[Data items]
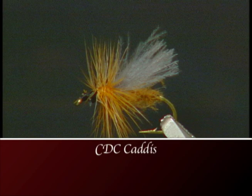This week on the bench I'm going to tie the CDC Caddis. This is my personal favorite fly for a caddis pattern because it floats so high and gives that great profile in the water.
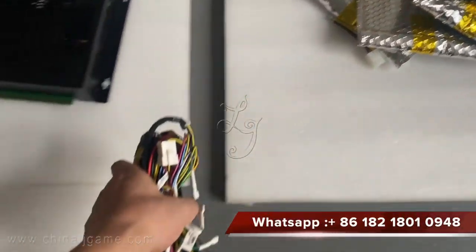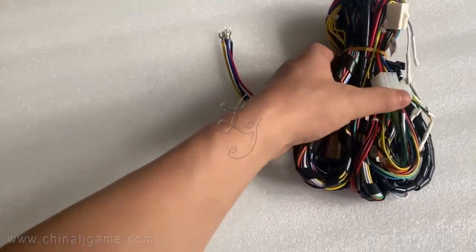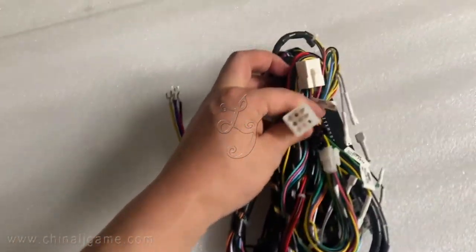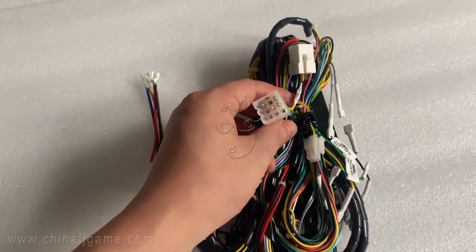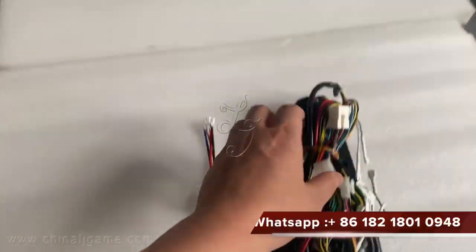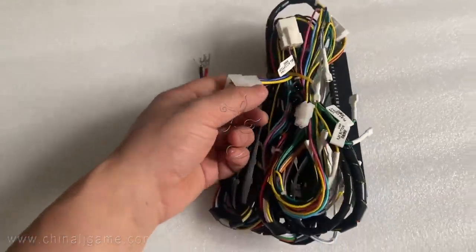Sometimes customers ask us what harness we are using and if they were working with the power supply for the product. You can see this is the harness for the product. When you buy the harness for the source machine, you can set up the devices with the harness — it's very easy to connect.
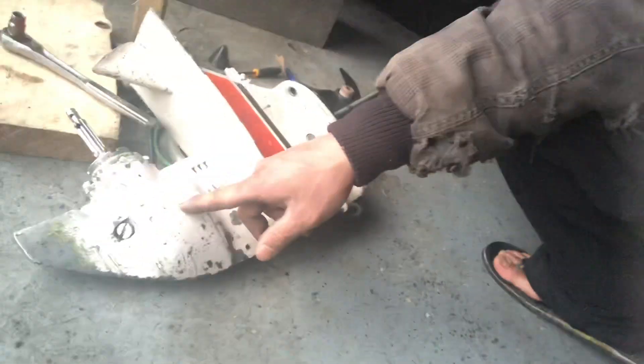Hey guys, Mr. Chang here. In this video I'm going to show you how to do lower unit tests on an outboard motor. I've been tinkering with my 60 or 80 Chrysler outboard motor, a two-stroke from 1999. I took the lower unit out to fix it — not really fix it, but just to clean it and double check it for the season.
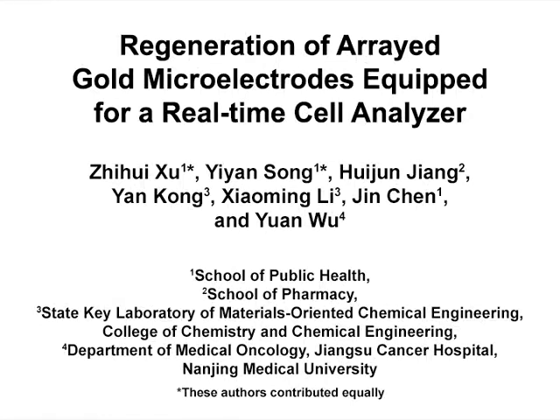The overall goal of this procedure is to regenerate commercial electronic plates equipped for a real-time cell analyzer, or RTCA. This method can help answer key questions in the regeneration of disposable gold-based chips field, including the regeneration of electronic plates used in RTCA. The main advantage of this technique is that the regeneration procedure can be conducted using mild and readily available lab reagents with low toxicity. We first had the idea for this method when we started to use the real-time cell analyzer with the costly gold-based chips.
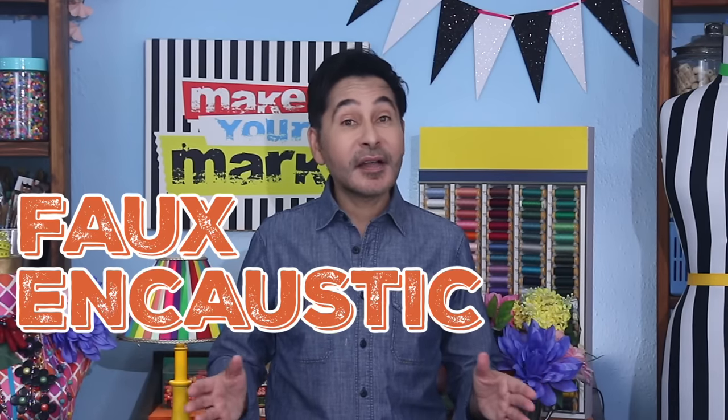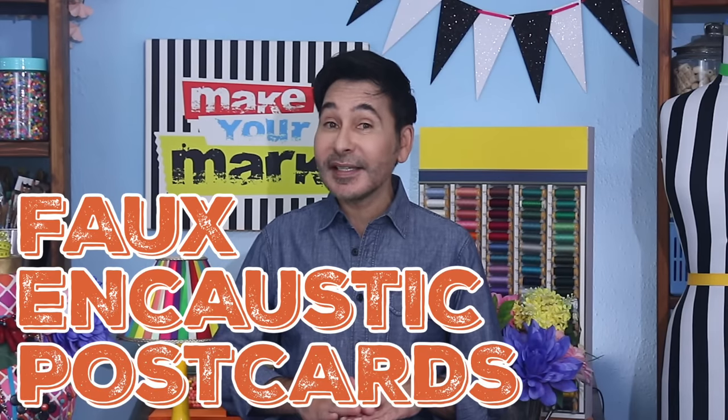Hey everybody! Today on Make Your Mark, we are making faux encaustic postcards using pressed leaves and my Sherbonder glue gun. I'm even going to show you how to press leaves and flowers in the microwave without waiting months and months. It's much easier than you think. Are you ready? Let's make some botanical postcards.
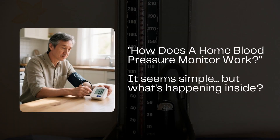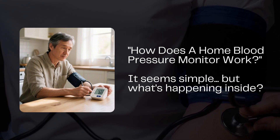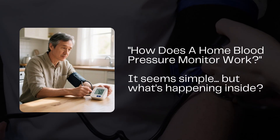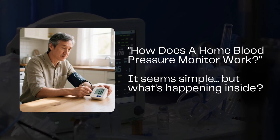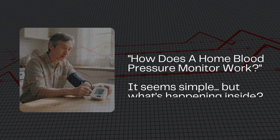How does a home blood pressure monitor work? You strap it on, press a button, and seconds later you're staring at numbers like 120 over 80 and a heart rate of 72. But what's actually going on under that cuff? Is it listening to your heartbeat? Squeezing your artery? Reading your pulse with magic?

• TRY IT
From the first line of the records through the line containing "Sometimes customers ask", please output exactly those lines and nothing more, leaving out the pictures.

• EXERCISE SOLUTION
This week on the bench I'm going to tie the CDC Caddis. This is my personal favorite fly for a caddis pattern because it floats so high and gives that great profile in the water.
Sometimes customers ask us what harness we are using and if they were working with the power supply for the product. You can see this is the harness for the product. When you buy the harness for the source machine, you can set up the devices with the harness — it's very easy to connect.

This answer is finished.